What promised to be a testy Senate committee grilling of Northwest Airlines CEO Doug Steenland about the carrier's operations and business plans largely turned into lecture Tuesday -- a lecture by Steenland about the struggling airline's problems and prospects.
Last week, Steenland, under threat of subpoena, agreed to testify before the state Senate Transportation Committee. The committee said it wanted him or another high-level Northwest executive to respond to questions about the airline's business plans and the effect on airline jobs of a proposed $860 million expansion of the Minneapolis-St. Paul International Airport.
Northwest is supporting the airport expansion.
But Steenland told senators nothing Tuesday that he has not repeatedly told Wall Street and Northwest employees.
The gist: We've lost about $2.5 billion in the past four years. But if we get $1.1 billion in annual labor concessions from our employees, we have a sound business plan that positions us for success.... And, yes, we're committed to Minnesota, where we still employ about 16,000 people, who earn about $1 billion a year between them.
Northwest is in a position "where our cost of doing business exceeds the revenue we produce," Steenland explained.
"By any measure, our labor costs are too high," he said. "We must now lower our labor costs to compete effectively with other airlines and to return to profitability." Steenland was never flustered by any question pitched his way. He was not pressed hard on hot-button topics such as the outsourcing of aircraft maintenance work. Actually, going into the hearing, the committee agreed that he wouldn't have to answer any labor questions.
In a question-and-answer session after Steenland's presentation, senators asked him about matters such as the removal of pillows from Northwest planes, the prospects for in-flight cell phone use, airfares to Atlanta and Northwest's views on Twin Cities metro-area reliever airports.

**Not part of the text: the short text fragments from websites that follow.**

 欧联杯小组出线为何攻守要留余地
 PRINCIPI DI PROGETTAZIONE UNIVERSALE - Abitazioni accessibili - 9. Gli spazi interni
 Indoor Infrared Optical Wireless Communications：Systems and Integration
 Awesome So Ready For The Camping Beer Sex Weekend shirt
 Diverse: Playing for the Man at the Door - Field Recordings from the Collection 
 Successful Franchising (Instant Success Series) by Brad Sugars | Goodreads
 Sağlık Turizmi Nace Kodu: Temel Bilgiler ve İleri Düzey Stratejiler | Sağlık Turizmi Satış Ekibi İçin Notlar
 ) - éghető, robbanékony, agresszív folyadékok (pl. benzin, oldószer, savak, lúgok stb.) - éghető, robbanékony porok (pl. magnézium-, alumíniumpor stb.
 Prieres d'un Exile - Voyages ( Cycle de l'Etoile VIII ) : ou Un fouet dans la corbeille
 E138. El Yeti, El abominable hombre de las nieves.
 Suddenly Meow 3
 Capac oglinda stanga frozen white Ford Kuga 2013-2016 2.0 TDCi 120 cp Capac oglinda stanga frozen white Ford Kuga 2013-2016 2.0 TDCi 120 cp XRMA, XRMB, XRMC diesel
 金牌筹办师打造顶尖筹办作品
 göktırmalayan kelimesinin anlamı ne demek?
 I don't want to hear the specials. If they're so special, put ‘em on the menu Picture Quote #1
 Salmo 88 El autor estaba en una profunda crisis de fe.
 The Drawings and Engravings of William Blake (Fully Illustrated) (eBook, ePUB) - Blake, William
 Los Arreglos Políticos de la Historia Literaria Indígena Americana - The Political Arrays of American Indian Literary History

Leaders of the Aircraft Mechanics Fraternal Association had hoped that Northwest would be held "accountable" by the committee for job cuts that, in the union's view, violate agreements Northwest made with the state in the 1990s.
In recent years, some 3,600 of the union's members have been laid off. And the union fears another 1,000 may lose their jobs.
"There were a lot of softball questions," Ted Ludwig, local president of Northwest's mechanics union said of the committee's interaction with Steenland. "It's nice to be treated like royalty."
Slightly more than a decade ago, state lawmakers approved a plan to provide the Eagan, Minn.-based carrier with hundreds of million of dollars in financing help in exchange for job guarantees and other commitments, such as keeping its headquarters in Minnesota.
Northwest is about 700 employs short of the Minnesota employment target set in an agreement with the state, Steenland said. But he noted that Northwest is allowed to fall short of the target when it faces tough economic times, changing business conditions and other events beyond its control.